Using the data that follows, give the number of lines in which the word "Banque" occurs. Write only the number.

- [DATASET]:
========
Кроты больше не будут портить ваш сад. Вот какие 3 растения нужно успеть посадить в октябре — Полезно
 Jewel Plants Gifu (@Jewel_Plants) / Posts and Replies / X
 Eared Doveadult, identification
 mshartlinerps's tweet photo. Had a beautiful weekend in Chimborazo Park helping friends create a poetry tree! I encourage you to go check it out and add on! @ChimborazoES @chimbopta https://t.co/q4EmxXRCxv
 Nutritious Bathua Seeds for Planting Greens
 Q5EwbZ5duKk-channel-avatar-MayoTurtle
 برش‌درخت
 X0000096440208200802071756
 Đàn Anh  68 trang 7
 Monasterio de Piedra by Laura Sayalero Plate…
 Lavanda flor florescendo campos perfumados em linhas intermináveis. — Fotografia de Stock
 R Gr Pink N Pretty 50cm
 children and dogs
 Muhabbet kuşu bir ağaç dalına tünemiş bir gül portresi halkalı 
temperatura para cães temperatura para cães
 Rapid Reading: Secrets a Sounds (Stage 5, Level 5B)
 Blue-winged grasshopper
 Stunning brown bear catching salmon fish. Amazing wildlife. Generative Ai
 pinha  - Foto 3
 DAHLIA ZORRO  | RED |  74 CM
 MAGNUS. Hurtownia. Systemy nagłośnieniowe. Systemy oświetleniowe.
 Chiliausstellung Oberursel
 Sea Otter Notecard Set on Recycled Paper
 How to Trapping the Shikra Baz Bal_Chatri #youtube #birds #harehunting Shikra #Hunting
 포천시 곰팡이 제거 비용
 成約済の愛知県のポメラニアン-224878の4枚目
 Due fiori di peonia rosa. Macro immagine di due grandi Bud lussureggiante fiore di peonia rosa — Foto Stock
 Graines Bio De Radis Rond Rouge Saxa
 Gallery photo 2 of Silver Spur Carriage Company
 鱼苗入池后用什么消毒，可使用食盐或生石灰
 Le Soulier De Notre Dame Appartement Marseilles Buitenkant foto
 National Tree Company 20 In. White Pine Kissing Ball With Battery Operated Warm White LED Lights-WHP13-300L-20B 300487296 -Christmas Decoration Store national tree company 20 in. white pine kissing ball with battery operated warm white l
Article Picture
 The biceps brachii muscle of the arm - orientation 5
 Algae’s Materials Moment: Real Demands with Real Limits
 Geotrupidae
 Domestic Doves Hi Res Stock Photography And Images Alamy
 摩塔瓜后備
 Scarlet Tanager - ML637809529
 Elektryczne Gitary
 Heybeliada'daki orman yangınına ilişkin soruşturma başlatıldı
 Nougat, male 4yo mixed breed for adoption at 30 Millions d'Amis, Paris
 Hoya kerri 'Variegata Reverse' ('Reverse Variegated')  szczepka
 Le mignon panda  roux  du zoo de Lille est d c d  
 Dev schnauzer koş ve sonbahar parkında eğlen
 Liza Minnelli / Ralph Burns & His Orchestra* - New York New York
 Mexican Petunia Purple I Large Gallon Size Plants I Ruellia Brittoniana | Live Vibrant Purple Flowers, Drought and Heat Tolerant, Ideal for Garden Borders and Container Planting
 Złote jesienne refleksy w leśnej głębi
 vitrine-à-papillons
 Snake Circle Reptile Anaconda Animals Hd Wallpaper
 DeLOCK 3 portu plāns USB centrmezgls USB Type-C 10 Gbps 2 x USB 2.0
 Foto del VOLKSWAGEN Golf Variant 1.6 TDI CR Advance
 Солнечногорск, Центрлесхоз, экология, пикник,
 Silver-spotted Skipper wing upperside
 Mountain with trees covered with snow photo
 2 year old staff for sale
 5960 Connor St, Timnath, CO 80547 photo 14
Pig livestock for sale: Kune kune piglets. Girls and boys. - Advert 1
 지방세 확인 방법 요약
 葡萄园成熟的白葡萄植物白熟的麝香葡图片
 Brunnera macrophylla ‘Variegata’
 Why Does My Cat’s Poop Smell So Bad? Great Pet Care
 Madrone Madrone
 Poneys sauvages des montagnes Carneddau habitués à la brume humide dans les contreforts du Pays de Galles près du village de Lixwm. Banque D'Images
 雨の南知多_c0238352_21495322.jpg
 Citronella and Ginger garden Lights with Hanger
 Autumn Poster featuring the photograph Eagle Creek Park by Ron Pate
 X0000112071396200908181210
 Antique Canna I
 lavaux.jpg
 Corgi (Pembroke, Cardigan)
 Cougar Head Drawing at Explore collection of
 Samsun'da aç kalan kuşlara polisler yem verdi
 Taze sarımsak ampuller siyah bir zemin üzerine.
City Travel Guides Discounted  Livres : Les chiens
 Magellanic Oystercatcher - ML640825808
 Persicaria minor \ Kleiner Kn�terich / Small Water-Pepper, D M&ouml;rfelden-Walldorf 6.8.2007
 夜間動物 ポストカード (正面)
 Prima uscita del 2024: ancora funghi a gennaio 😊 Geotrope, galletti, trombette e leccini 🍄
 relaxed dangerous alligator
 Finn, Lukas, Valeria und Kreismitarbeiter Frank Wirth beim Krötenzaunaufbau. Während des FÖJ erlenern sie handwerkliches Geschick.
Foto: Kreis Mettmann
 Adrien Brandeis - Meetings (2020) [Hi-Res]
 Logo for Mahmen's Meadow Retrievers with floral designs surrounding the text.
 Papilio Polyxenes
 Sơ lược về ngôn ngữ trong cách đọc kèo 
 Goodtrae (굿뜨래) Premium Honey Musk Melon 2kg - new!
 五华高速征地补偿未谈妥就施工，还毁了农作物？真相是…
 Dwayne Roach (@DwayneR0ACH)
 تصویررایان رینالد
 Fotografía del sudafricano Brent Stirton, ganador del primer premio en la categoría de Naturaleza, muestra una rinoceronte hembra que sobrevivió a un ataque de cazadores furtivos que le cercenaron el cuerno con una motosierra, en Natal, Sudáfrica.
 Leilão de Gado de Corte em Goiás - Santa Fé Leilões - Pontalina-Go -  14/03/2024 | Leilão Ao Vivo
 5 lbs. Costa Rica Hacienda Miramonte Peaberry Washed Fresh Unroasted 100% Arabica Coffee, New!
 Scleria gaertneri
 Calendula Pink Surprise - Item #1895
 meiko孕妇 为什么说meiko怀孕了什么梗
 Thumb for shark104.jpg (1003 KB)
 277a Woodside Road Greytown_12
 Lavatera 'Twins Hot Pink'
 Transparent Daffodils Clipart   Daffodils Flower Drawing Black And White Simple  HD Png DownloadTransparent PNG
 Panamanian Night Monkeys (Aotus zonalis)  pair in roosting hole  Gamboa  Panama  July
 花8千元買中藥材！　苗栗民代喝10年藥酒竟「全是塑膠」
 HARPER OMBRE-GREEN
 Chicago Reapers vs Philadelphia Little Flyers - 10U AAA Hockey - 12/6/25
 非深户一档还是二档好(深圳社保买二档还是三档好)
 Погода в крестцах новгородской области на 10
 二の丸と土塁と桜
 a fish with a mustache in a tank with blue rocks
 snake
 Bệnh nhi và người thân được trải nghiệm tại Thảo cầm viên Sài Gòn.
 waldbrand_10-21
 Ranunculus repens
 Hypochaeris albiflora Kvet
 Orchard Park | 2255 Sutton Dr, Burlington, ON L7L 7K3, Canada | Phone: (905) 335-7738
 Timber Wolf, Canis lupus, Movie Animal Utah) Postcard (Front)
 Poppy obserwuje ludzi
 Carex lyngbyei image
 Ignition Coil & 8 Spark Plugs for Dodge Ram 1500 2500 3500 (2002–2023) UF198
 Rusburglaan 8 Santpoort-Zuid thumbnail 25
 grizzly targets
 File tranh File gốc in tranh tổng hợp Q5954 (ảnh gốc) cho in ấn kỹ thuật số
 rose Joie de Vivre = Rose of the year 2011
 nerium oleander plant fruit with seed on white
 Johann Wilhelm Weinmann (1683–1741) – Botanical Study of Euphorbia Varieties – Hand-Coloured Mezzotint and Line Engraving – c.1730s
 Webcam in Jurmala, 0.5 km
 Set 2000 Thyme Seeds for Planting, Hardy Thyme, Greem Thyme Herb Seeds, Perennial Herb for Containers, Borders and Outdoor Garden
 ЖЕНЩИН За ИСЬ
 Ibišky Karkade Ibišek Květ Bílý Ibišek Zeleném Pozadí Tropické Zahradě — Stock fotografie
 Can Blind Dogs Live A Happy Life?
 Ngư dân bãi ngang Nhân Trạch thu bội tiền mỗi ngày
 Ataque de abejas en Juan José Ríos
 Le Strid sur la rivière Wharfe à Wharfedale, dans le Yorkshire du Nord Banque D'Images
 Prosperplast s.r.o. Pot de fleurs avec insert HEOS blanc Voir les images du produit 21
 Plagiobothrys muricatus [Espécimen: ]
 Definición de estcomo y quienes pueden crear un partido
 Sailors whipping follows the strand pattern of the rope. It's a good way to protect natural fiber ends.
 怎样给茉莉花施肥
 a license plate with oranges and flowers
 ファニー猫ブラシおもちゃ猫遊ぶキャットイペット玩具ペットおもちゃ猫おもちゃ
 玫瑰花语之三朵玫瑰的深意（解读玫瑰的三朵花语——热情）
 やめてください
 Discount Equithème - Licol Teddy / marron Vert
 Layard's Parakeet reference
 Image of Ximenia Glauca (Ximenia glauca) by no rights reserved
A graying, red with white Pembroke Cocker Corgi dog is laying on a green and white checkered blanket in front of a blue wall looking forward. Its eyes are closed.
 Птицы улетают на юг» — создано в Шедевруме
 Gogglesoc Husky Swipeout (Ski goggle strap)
========
- [YOUR RESPONSE]: 2